The surname of famous NFL quarterback John Elway, it signifies a career filled with excellence, capped off with a Super Bowl win with the Denver Broncos.
However, his father was just as important to the development of the game, even if it has not been publicized as much.
Known by his friends as Jack Elway, John Elway Sr. contributed to the development of the spread offense, a stroke of genius which played a big role in making his career a successful one.
In this article, we will cast attention that this man richly deserves, even if posthumously.
Growing up in the small town of Hoquiam, Washington, Jack became well known for being the star quarterback of his high school football team.
Heading to Washington State University on an athletic scholarship, his dreams for a professional career were quickly dashed, as he suffered a severe knee injury in his freshmen year.
With this chapter of his life brought to a sudden close, he focused on his studies, graduating with a Bachelor’s and a Master’s degree.
Getting into coaching
Unlike athletes who move onto boring careers after their playing days, Jack Elway found another way to stay involved with the game – coaching.
Moving to Port Angeles on the Olympic Peninsula after college, Jack taught high school and coached their football team starting in 1953.
Serving in the position until 1961, he guided the squad to five straight titles, an achievement which began his record of excellence in football.
Jack quickly moved up through the ranks, serving a five year stint as the coach of Grays Harbor College, after which he was hired as an assistant coach at the University of Montana.
At this post, he served under the tutelage of his old high school coach, Jack Swarthout.
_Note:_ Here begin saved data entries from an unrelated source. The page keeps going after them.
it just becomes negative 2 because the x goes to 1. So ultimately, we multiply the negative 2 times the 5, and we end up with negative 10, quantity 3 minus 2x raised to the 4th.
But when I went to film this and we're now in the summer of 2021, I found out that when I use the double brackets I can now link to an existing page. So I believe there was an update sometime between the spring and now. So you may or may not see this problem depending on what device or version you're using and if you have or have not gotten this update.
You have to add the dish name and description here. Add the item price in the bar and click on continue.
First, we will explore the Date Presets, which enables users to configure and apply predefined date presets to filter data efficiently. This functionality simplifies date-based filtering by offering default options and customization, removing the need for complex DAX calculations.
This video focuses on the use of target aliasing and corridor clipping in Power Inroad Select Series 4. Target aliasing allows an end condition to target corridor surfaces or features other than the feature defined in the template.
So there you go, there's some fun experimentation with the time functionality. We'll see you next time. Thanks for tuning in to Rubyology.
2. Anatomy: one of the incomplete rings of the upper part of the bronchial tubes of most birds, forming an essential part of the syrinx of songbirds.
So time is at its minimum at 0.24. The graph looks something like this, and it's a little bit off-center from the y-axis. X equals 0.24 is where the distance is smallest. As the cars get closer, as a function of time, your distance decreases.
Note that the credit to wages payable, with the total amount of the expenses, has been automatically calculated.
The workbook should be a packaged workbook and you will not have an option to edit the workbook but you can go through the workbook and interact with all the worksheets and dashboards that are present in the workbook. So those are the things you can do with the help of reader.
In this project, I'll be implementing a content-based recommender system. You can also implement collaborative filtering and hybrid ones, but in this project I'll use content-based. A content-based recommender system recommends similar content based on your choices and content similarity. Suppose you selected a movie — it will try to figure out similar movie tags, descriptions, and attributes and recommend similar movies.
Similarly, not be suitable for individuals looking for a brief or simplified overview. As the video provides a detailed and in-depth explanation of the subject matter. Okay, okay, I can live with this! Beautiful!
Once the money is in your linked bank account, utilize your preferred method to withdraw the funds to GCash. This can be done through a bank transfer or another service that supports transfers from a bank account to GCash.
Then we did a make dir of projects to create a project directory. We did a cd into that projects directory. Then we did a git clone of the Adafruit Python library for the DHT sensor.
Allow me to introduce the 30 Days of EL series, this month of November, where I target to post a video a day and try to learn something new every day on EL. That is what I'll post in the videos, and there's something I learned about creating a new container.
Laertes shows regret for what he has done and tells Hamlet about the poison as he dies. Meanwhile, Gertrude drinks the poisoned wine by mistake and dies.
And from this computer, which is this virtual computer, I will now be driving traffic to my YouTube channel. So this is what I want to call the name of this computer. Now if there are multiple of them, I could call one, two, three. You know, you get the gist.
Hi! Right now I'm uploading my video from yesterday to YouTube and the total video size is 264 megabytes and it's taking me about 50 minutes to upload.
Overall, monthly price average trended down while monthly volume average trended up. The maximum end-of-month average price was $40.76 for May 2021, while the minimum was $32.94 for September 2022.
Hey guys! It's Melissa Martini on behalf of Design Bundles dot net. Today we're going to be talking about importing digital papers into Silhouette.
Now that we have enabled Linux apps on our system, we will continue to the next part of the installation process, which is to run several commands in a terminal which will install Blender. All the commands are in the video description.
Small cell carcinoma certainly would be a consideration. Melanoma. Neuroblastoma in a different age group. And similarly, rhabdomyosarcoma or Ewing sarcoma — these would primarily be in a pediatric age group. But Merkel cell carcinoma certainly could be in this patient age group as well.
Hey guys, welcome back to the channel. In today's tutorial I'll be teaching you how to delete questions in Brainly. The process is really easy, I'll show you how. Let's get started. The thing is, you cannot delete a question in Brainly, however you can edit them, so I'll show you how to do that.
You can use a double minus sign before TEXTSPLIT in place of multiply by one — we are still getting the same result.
After five years in Missoula, he moved around to other schools, serving as an assistant at his alma mater Washington State from 1971 to 1975, and then at the University of Idaho for five weeks in 1976.
Jack’s big break
After his brief tenure in Moscow, Idaho, Jack Elway moved to California to take on his first head coaching job in college ball.
Heading up the staff at Cal State Northridge starting in March 1976, he stuck with the team for three seasons before making his first move to a Division I school at San Jose State in 1979.
Four seasons later, he moved on to Stanford, his highest profile post and his last in NCAA college football.
After the 1988 season, he went overseas to spread the game of American football to Europe by becoming the head coach of the Frankfurt Galaxy for two seasons starting in 1991.
After retiring from coaching, Jack Elway accepted a front office job in the NFL, serving as the director of pro scouting for the Denver Broncos from 1992 to 1999.
His abrupt end
Two years into his retirement, Jack Elway succumbed to a heart attack at his home in Palm Springs, California. He was 69 years old.